Inside, Hou Xiameng runs a company that helps artificial intelligence make sense of the world. Two dozen young people go through photos and videos, labeling just about everything they see. That is a car. That is a traffic light. That is bread, that is milk, that is chocolate. That is what it looks like when a person walks. “I used to think the machines are geniuses,” Hou, 24, said. “Now I know we’re the reason for their genius.”
In China, long the world’s factory floor, a new generation of low-wage workers is assembling the foundations of the future. Startups in smaller, cheaper cities have sprung up to apply labels to China’s huge trove of images and surveillance footage. If China is the Saudi Arabia of data, as one expert says, these businesses are the refineries, turning raw data into the fuel that can power China’s AI ambitions.
Conventional wisdom says that China and the United States are competing for AI supremacy and that China has certain advantages. The Chinese government broadly supports AI companies, financially and politically. Chinese startups made up one-third of the global computer vision market in 2017, surpassing the United States. Chinese academic papers are cited more often in research papers. In a key policy announcement last year, China’s government said that it expected the country to become the world leader in artificial intelligence by 2030.
Most importantly, this thinking goes, the Chinese government and companies enjoy access to mountains of data, thanks to weak privacy laws and enforcement. Beyond what Facebook, Google and Amazon have amassed, Chinese internet companies can get more because people there so heavily use their mobile phones to shop, pay for meals and buy movie tickets. Still, many of those claims are iffy. Chinese papers and patents can be suspect. Government money may go to waste. It is not clear that the AI race is a zero sum game, in which the winner gets the spoils. Data is useless unless somebody can parse and catalog it.
But the ability to tag that data may be China’s true AI strength, the only one that the United States may not be able to match. In China, this new industry offers a glimpse of a future that the government has long promised: an economy built on technology rather than manufacturing. “We’re the construction workers in the digital world. Our job is to lay one brick after another,” said Yi Yake, co-founder of a data labeling factory in Jiaxian, a city in central Henan province. “But we play an important role in AI. Without us, they can’t build the skyscrapers.”

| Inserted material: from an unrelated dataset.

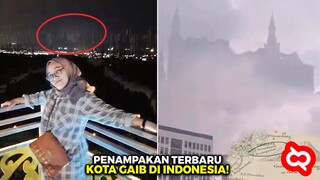 MEMBUKTIKAN KEBERADAAN KOTA GAIB! Kisah yang Diklaim Sebagai Kota Gaib Tak Sengaja Terekam Kamera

While AI engines are superfast learners and good at tackling complex calculations, they lack cognitive abilities that even the average 5-year-old possesses. Small children know that a furry brown cocker spaniel and a black Great Dane are both dogs. They can tell a Ford pickup from a Volkswagen Beetle, and yet they know both are cars. AI has to be taught. It must digest vast amounts of tagged photos and videos before it realizes that a black cat and a white cat are both cats. This is where the data factories and their workers come in.

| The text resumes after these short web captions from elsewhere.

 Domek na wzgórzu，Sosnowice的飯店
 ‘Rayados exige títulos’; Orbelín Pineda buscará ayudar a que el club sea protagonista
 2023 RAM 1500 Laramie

Taggers helped AInnovation, a Beijing-based AI company, fix its automated cashier system for a Chinese bakery chain. Users could put their pastry under a scanner and pay for it without help from a human. But nearly one-third of the time, the system had trouble telling muffins from doughnuts or pork buns thanks to store lighting and human movement, which made images more complex. Working with photos from the store’s interior, the taggers got the accuracy up to 99 percent, said Liang Rui, an AInnovation project manager.

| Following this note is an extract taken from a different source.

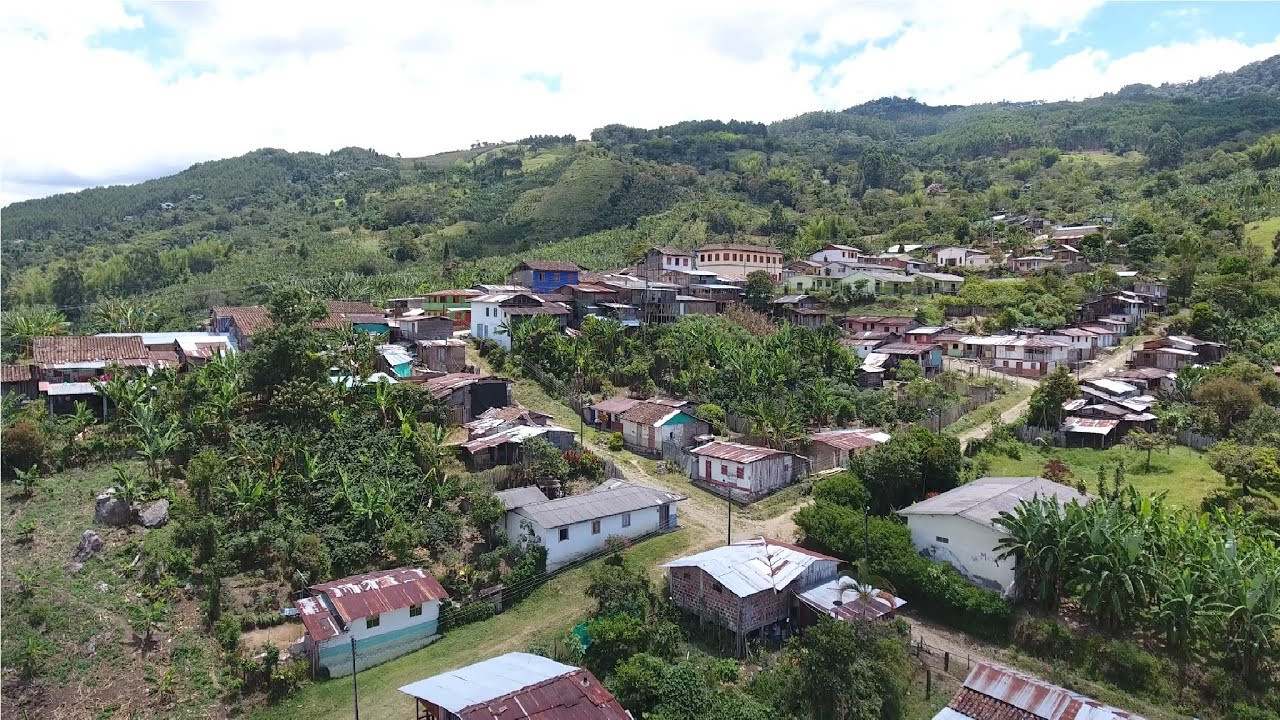CORREGIMIENTO DE CUMBARCO MUNICIPIO DE SEVILLA VALLE DEL CAUCA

“All the artificial intelligence is built on human labor,” Liang said. AInnovation has fewer than 30 taggers, but a surge in labeling startups has made it easy to farm out the work. Once, Liang needed to get about 20,000 photos in a supermarket labeled in three days. Colleagues got it done with the help of data factories for only a couple thousand dollars. “We’re the assembly lines 10 years ago,” said Yi, the co-founder of the data factory in Henan.
The data factories are popping up in areas far from the biggest cities, often in relatively remote areas where both labor and office space are cheap. Many of the data factory workers are the kinds of people who once worked on assembly lines and construction sites in those big cities. But work is drying up, wage growth has slowed and many Chinese people prefer to live closer to home.
Yi, 36, was out of a job and trying to get other ventures going with elementary school classmates when someone mentioned AI tagging. After online searches, he decided it was not super technical but needed cheap labor, something Henan has in abundance.
In March, Yi and his friends set up Ruijin Technology, which rents offices the size of two professional basketball courts in an industrial park for $21,000 a year. It was previously the park’s Communist Party committee’s event space, so the ceiling lights are covered with red hammers and sickles. Ruijin, which means smart gold, now employs 300 workers but plans to expand to 1,000 after the Chinese New Year holiday, when many migrant workers come home.
Unlike workers and business around the world, Yi is not worried that AI will take his job. “The machines aren’t smart enough to teach themselves yet,” he said.